Diversi secoli or sono fu rinvenuta una pietra sulla quale erano iscritte sei lettere, tre I e tre P. I più esperti glottologi ed archeologi si impegnarono ad interpretarne il significato, ma non ne vennero a capo.
Un vecchio abate, che viveva in un eremo, dedito agli studi ed alla preghiera, ritenne di aver trovato la soluzione. L’iscrizione avrebbe avuto, a suo dire, questo dettato: Imperante Imprudentia Iuvenum, Perit Potentia Patriae.
Certo, nessuno può dire che questa sia la giusta soluzione ermeneutica della singolare scritta; ma, di certo, essa costituisce un monito per quanti ritengono che la soluzione dei gravi problemi che affliggono uno Stato possa essere utilmente affidata ai giovani, per il solo fatto di essere tali. E ciò perché, se è indubitabile che il difficile compito di governare richieda entusiasmo e forza – doti proprie dell’età giovanile – è altrettanto vero che esso non può prescindere dal bagaglio di esperienza e di prudenza che l’uomo acquisisce nel tempo.
Non a caso la storia è piena di esempi che dimostrano la fallacia di iniziative prese sotto la spinta dell’entusiasmo e dell’ardore giovanile, ancorché presidiate da apprezzabili fini.

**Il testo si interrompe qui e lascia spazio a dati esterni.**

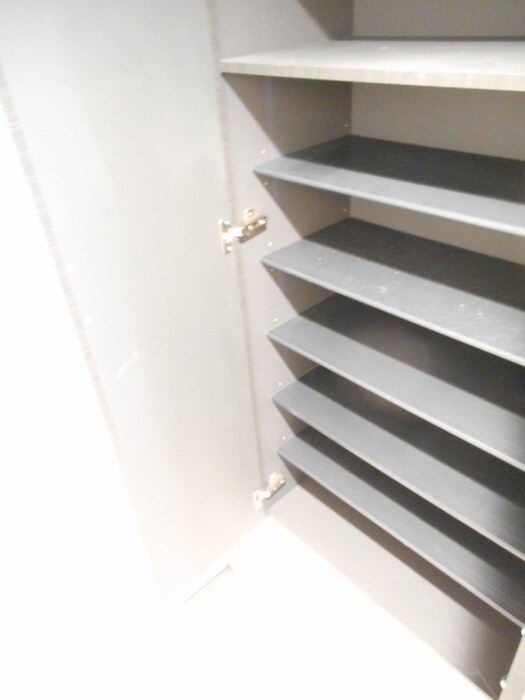 物件内観写真11　(靴箱)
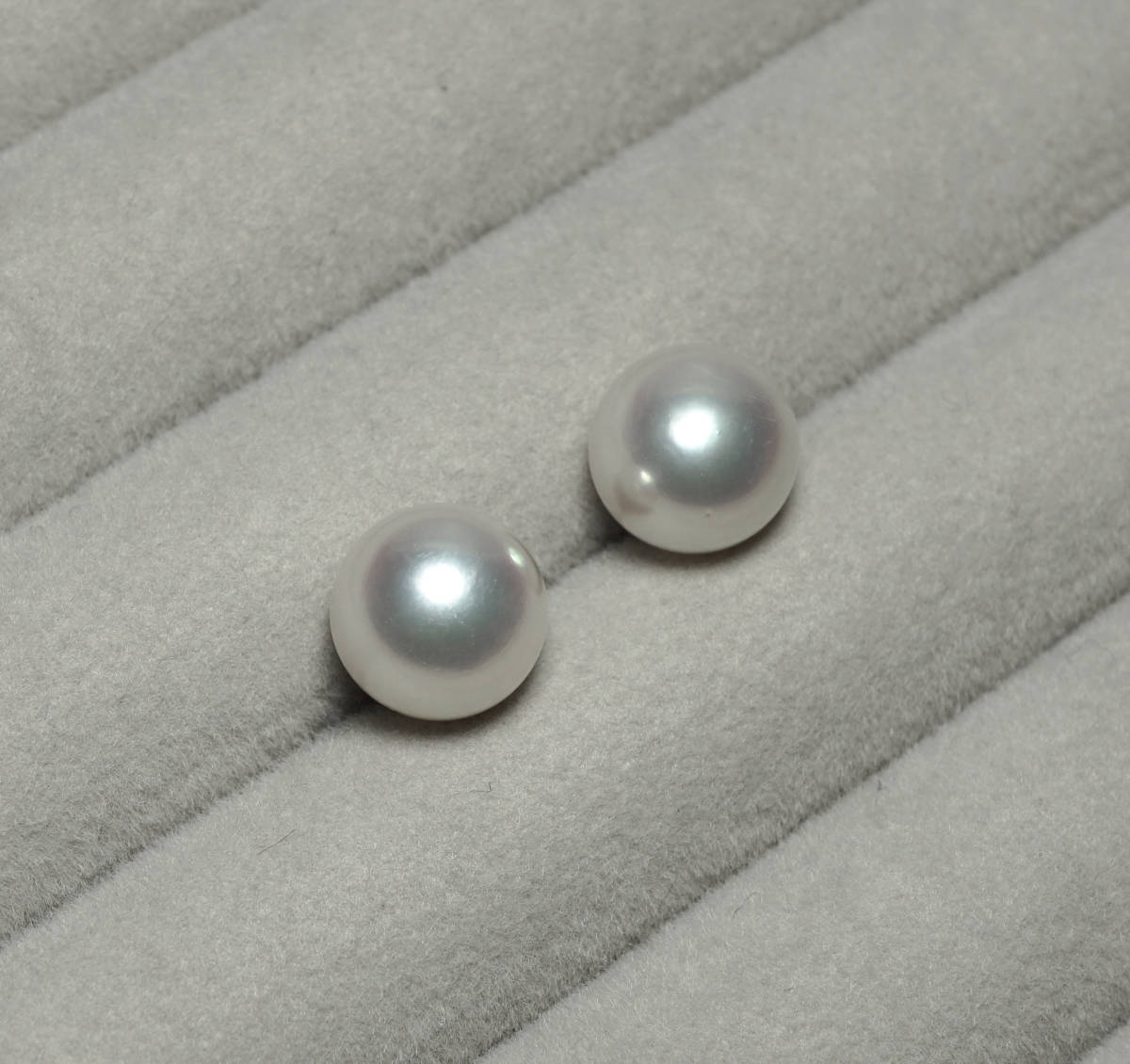 K14WG国産あこや真珠7.5-8mm珠ピアス | ALTODELMOLLE.CL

Pertanto, nella formazione di un Governo è necessario trovare un giusto equilibrio e dosare attentamente la scelta delle persone chiamate a dirigere i vari Dicasteri, in maniera tale da conseguire una felice sintesi tra il passato ed un presente proiettato nel futuro, un bilanciamento tra spinta innovativa e prudenza operativa, tra pura volontà e concretezza realizzatrice, tra spinta avventurosa e ragionevolezza inibitrice.
Tutto ciò non significa che i giovani non possano e non debbano accedere al governo di uno Stato.
Significa, però, che essi da soli e per il solo fatto di essere giovani, non offrono sicura garanzia di buon governo.
È, quindi, un grave errore contrapporre – come, sia pur incidentalmente, ha fatto il neo Presidente del Consiglio – attraverso marcate scelte generazionali, innovazione a conservazione, piuttosto che ricercare una linea di contemperamento di esigenze solo apparentemente contrarie, essendo funzionali al processo di integrazione sociale ed umana indispensabile per assicurare il buon funzionamento di un Governo.
Privilegiare, in via di principio, una delle due opzioni, significa mutilare un patrimonio culturale, espressivo di una saggezza consacrata dalla storia.